Would you please print exactly the lines that run from the one with "43 Briarcrest Dr, OCEAN" to the last line of the data, both included, without any pictures?

Image-caption web data:

⟨

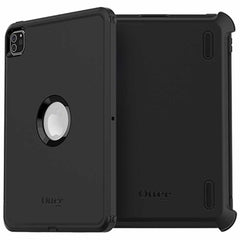 OtterBox Defender Protective Case Black for iPad Pro 11 2022 (4th Gen)/iPad Pro 11 2021/iPad Pro 11 2020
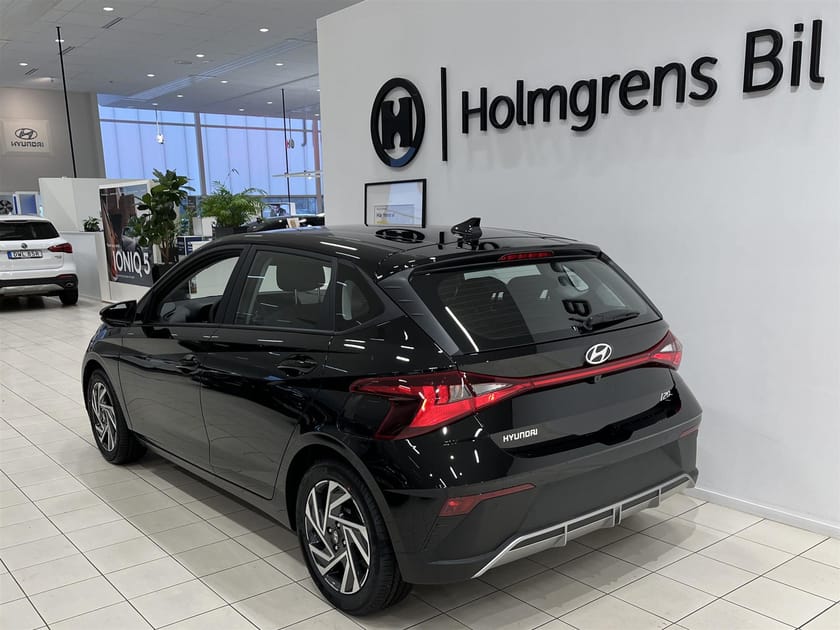Bild 4 av Hyundai i20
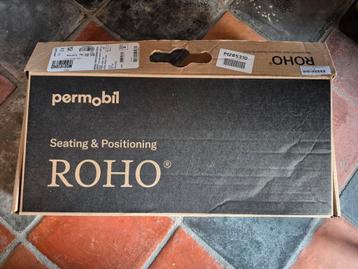 Permobil roho  mosaic kussen met hoes 46.5 x 46.5 beschikbaar voor biedingen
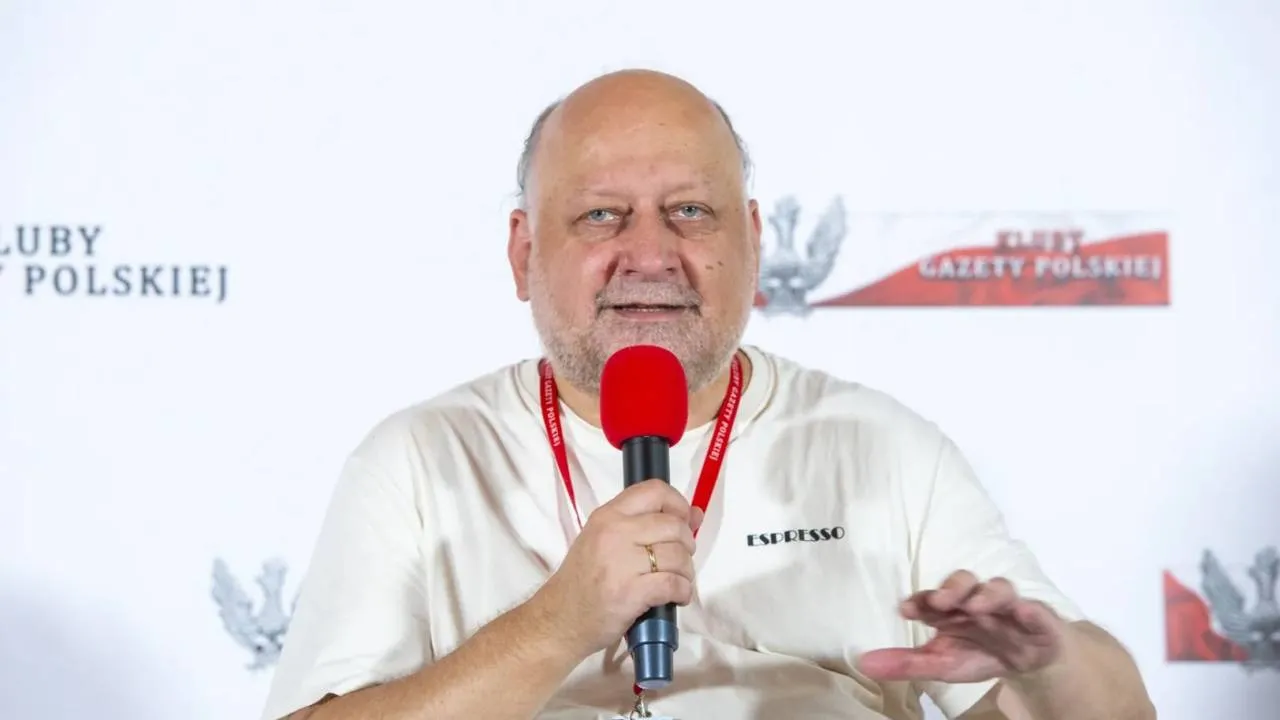 Lisiewicz do Czarzastego i Millera: Byłem podsłuchiwany przez was za protesty przeciw Putinowi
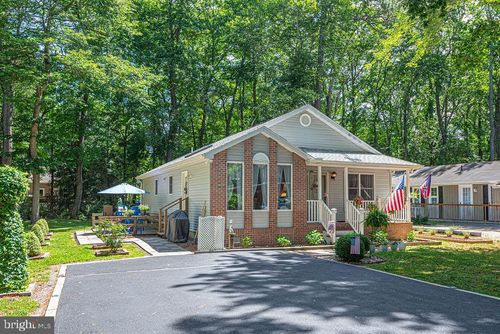 43 Briarcrest Dr, OCEAN PINES, MD, 21811-1626 | Card Image
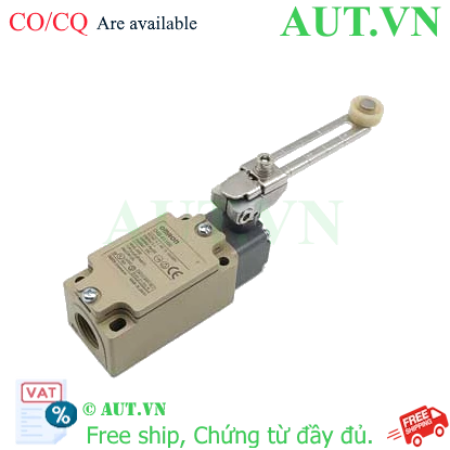 Ảnh của Cảm biến an toàn Omron D4B-4116N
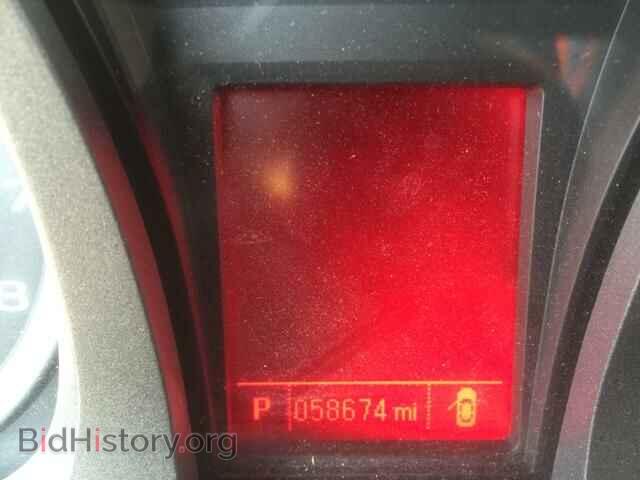 2013 GMC TERRAIN - VIN: 2GKALSEK4D6380804 - Photo 8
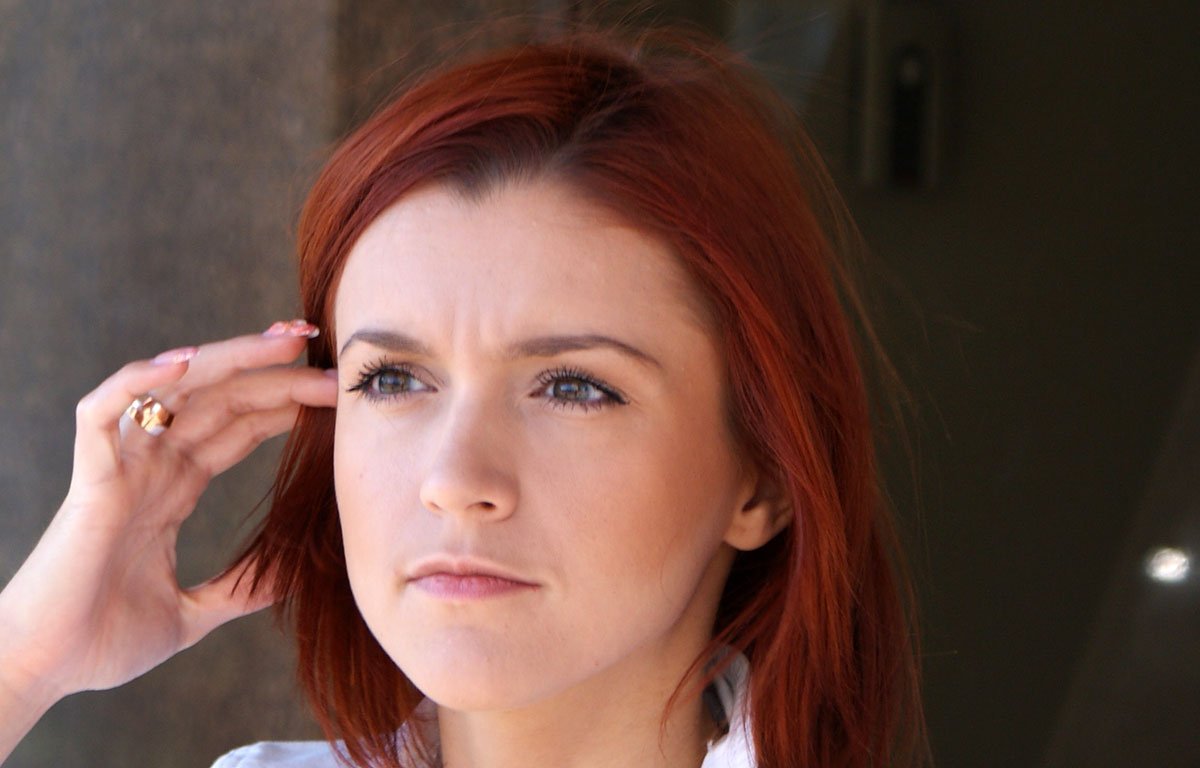 Ирина Ларионова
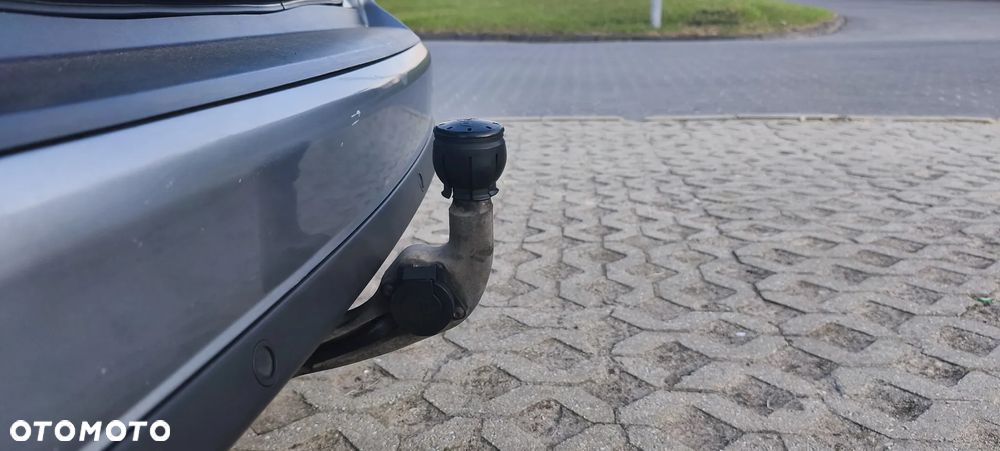 Opel Vectra 1.9 CDTI DPF - 25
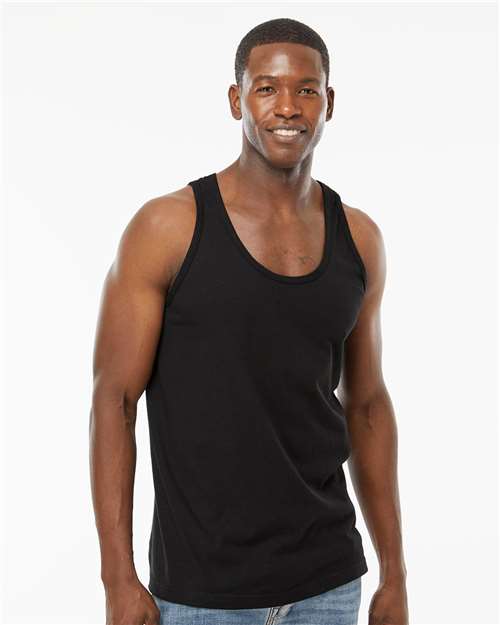 M&O Tank Top - 4505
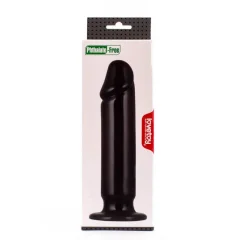ANALNI DILDO Lovetoy King Size Black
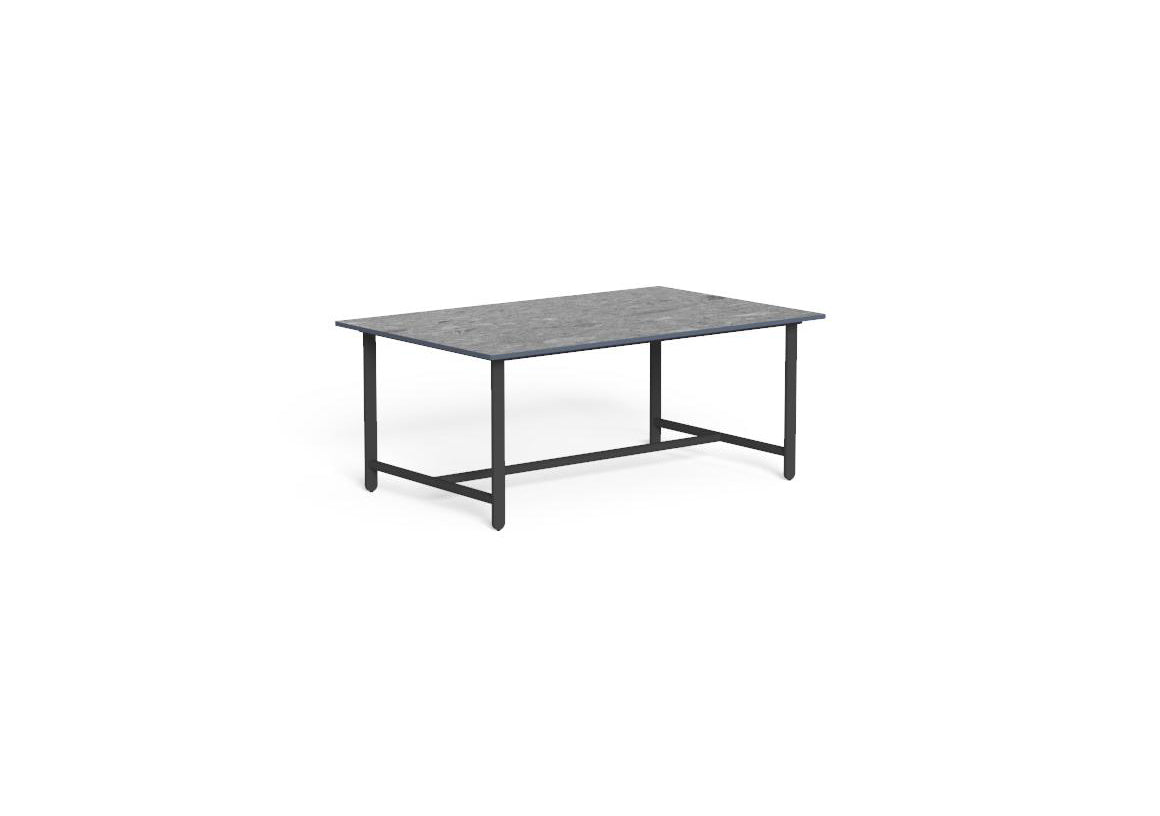 Finish - Graphite Frame Gray Top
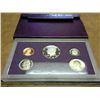 Image 1 : 1986 US PROOF SET (WITH BOX)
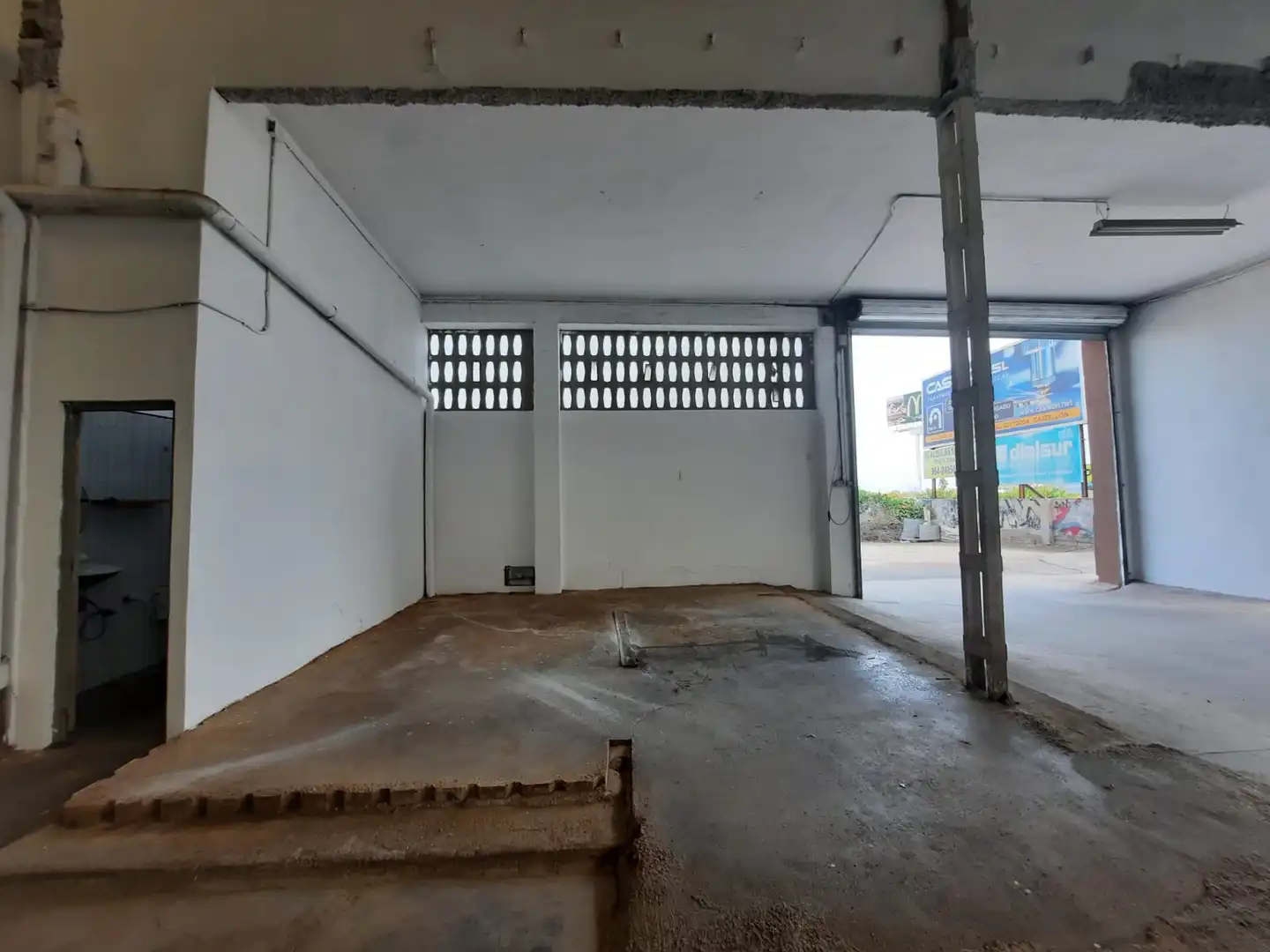 Nave industrielle à louer à Avinguda Castell Vell, imagen 14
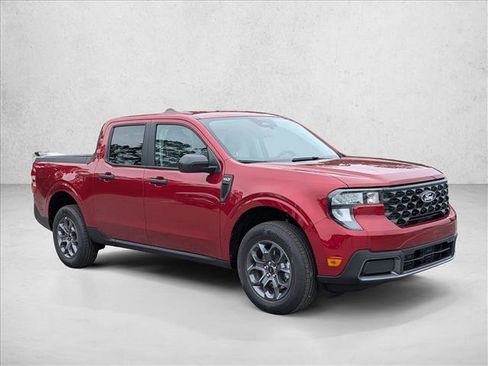 New 2026 Ford Maverick XLT image 7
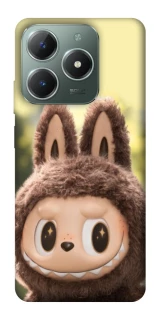 Чохол на Realme C61 Forest Smile Labubu фото 1 з 1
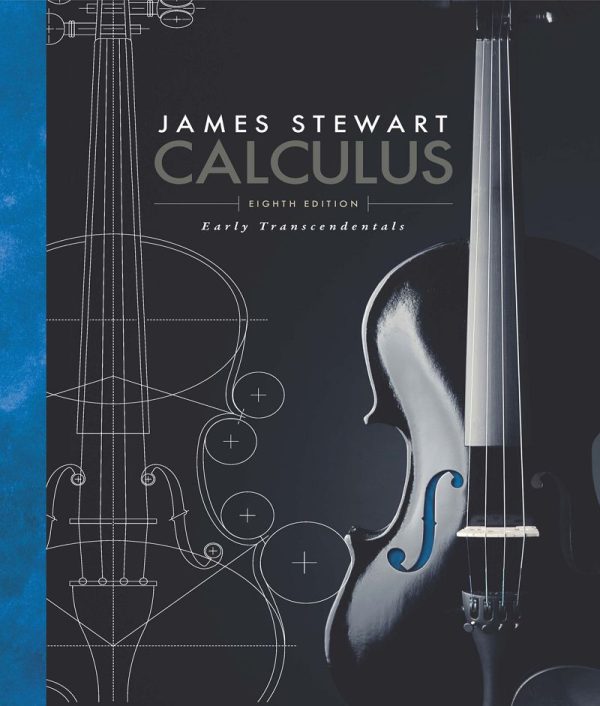 Calculus Early Transcendentals 8e 8th Edition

⟩

* [Response area]:
 43 Briarcrest Dr, OCEAN PINES, MD, 21811-1626 | Card Image
 Ảnh của Cảm biến an toàn Omron D4B-4116N
 2013 GMC TERRAIN - VIN: 2GKALSEK4D6380804 - Photo 8
 Ирина Ларионова
 Opel Vectra 1.9 CDTI DPF - 25
 M&O Tank Top - 4505
ANALNI DILDO Lovetoy King Size Black
 Finish - Graphite Frame Gray Top
 Image 1 : 1986 US PROOF SET (WITH BOX)
 Nave industrielle à louer à Avinguda Castell Vell, imagen 14
 New 2026 Ford Maverick XLT image 7
 Чохол на Realme C61 Forest Smile Labubu фото 1 з 1
 Calculus Early Transcendentals 8e 8th Edition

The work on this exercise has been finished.